- Given information -
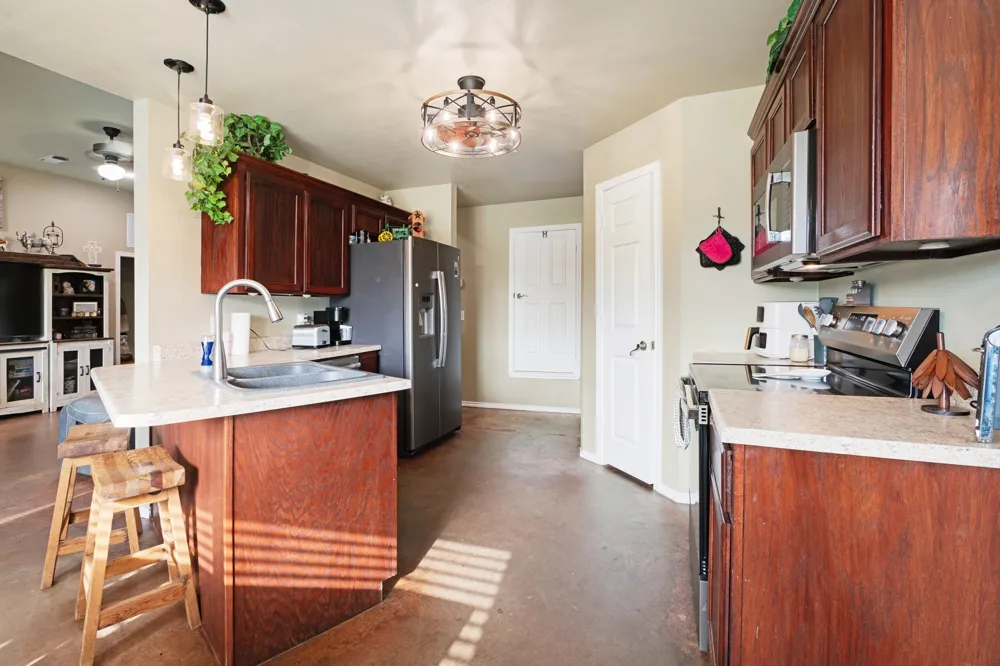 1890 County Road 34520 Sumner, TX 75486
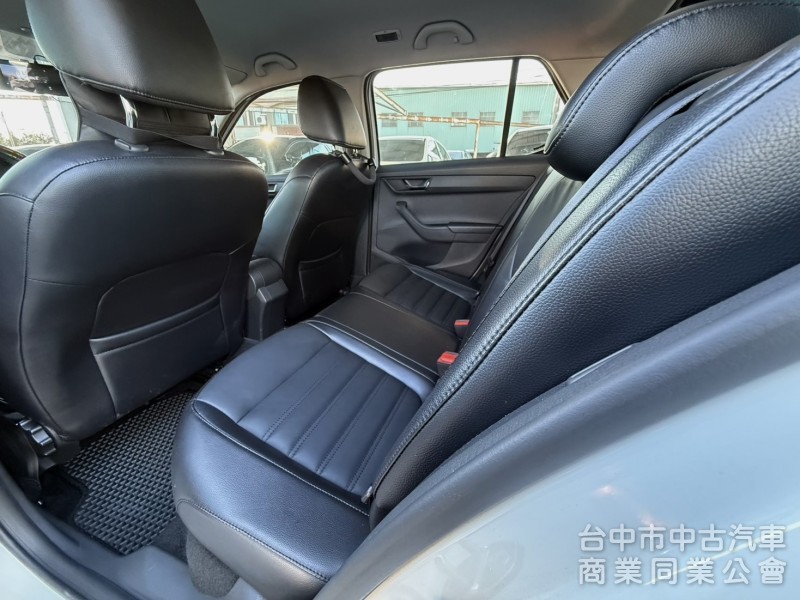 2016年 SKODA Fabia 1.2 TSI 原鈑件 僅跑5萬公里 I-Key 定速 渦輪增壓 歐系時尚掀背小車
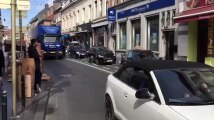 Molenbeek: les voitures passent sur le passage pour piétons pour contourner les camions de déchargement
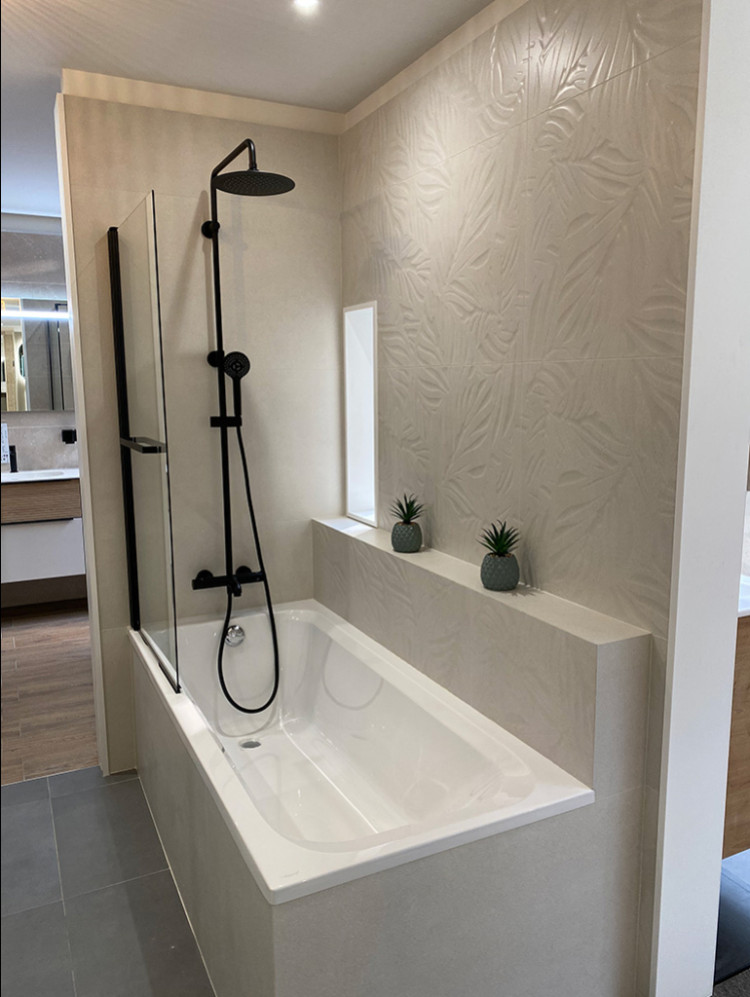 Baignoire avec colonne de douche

- Task -
With the pictures removed, write the listing out word for word.

- Completed exercise -
 1890 County Road 34520 Sumner, TX 75486
 2016年 SKODA Fabia 1.2 TSI 原鈑件 僅跑5萬公里 I-Key 定速 渦輪增壓 歐系時尚掀背小車
 Molenbeek: les voitures passent sur le passage pour piétons pour contourner les camions de déchargement
 Baignoire avec colonne de douche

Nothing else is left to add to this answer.